What is needed
Look through the entries below and count the lines with the word "фото" in them; give only the number.

Saved entries
·····

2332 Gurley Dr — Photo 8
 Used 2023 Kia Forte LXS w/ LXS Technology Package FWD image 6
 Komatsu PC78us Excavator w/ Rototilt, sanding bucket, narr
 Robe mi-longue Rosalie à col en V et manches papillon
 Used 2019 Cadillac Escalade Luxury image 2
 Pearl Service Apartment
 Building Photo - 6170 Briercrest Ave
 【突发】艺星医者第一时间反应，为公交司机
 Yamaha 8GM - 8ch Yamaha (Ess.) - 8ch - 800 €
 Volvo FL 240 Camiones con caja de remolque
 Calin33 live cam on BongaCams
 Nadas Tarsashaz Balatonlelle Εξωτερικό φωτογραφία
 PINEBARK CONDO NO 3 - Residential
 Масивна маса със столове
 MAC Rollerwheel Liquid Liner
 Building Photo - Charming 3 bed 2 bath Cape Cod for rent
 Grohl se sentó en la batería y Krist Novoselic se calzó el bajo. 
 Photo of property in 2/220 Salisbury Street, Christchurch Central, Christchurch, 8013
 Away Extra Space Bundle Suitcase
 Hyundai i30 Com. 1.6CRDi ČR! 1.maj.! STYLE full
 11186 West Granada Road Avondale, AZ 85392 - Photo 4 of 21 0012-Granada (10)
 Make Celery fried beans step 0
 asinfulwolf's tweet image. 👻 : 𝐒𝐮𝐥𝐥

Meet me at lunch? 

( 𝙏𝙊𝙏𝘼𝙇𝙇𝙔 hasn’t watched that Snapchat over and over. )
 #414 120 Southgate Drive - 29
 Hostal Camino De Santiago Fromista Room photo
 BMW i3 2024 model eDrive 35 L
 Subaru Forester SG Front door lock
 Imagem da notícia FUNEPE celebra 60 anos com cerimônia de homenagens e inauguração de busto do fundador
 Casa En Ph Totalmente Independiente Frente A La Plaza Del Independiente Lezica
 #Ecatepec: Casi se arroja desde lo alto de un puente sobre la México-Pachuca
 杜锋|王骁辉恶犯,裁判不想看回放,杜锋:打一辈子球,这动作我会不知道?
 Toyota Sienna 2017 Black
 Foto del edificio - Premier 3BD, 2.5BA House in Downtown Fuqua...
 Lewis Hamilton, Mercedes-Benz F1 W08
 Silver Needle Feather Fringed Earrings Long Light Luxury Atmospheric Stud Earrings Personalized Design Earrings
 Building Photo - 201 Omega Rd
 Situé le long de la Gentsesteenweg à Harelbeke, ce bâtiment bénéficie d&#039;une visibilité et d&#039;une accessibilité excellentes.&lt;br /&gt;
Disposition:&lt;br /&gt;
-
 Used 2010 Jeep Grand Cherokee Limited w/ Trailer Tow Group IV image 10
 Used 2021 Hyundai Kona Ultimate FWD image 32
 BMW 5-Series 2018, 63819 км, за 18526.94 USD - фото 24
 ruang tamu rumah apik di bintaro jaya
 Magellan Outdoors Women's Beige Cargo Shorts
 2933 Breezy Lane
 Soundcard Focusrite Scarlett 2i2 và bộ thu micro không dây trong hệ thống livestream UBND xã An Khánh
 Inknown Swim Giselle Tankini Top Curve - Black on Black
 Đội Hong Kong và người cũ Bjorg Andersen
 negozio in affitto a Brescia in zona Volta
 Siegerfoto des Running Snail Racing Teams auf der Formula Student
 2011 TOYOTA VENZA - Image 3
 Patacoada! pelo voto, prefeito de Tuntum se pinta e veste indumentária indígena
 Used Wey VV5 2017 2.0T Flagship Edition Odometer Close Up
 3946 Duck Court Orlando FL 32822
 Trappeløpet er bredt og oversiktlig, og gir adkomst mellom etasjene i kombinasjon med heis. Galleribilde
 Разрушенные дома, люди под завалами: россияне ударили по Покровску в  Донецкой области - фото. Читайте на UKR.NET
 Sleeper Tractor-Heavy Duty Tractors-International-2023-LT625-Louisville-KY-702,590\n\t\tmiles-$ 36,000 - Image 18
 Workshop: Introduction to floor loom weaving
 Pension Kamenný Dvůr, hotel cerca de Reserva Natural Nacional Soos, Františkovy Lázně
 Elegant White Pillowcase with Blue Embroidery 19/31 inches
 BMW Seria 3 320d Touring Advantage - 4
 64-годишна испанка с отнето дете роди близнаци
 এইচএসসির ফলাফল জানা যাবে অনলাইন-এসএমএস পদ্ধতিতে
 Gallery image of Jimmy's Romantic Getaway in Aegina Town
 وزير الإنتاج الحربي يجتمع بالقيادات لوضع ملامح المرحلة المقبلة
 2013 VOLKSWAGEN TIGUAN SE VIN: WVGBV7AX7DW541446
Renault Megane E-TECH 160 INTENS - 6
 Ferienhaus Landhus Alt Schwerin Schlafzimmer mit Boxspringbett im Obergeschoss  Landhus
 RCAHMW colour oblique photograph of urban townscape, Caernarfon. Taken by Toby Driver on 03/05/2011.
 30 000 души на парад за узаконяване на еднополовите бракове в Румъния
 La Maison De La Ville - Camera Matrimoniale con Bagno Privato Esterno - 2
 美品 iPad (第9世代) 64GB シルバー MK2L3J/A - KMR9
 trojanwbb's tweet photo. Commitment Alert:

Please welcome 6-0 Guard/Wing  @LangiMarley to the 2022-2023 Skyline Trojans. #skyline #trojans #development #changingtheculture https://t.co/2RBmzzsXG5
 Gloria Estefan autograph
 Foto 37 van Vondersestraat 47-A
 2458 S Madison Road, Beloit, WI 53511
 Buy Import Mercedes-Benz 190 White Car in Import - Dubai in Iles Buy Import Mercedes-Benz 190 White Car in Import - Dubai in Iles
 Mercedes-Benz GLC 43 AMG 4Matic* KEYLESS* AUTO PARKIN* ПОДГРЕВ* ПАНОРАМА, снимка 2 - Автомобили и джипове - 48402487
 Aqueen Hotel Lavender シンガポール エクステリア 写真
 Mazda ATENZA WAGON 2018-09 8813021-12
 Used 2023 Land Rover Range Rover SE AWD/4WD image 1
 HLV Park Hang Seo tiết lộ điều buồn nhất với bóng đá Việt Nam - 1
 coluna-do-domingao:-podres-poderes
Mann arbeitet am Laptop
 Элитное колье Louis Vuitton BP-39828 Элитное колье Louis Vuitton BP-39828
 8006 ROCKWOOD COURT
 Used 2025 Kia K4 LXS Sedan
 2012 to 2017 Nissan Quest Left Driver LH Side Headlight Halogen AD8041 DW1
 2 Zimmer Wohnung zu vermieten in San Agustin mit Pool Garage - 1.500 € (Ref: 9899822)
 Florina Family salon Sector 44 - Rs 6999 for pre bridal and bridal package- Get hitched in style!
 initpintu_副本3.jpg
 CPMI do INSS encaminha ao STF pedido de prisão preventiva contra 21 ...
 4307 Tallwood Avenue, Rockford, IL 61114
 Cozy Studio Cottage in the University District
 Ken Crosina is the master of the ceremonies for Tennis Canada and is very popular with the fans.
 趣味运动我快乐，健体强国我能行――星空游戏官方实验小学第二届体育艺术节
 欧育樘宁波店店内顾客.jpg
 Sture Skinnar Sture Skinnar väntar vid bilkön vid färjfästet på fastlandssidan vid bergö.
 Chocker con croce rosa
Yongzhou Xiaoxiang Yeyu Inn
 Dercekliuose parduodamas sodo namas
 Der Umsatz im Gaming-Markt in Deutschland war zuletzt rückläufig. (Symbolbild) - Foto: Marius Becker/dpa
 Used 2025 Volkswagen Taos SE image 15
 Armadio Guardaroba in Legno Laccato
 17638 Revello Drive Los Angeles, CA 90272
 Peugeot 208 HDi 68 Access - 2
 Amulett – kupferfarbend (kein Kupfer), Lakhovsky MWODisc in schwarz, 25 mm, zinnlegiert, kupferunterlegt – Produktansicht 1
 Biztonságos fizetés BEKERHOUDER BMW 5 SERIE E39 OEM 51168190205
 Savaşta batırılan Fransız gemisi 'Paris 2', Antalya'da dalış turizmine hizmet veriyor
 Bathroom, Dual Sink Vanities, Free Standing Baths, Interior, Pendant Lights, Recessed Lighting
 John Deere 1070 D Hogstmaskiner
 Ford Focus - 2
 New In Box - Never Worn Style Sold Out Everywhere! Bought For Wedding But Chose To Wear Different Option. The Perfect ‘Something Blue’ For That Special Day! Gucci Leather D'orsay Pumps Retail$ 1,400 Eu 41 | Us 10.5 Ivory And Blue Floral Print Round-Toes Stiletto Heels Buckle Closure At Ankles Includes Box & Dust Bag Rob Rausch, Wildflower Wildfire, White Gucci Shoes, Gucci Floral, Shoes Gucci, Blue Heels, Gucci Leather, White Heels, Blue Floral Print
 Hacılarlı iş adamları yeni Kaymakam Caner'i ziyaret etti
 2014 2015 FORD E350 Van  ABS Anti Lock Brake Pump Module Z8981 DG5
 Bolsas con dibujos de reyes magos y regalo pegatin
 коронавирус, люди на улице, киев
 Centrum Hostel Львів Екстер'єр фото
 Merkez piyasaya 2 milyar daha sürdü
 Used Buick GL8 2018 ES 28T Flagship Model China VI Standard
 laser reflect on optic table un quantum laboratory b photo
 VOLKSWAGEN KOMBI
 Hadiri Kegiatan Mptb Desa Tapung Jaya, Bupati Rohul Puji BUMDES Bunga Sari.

·····

Completed exercise
3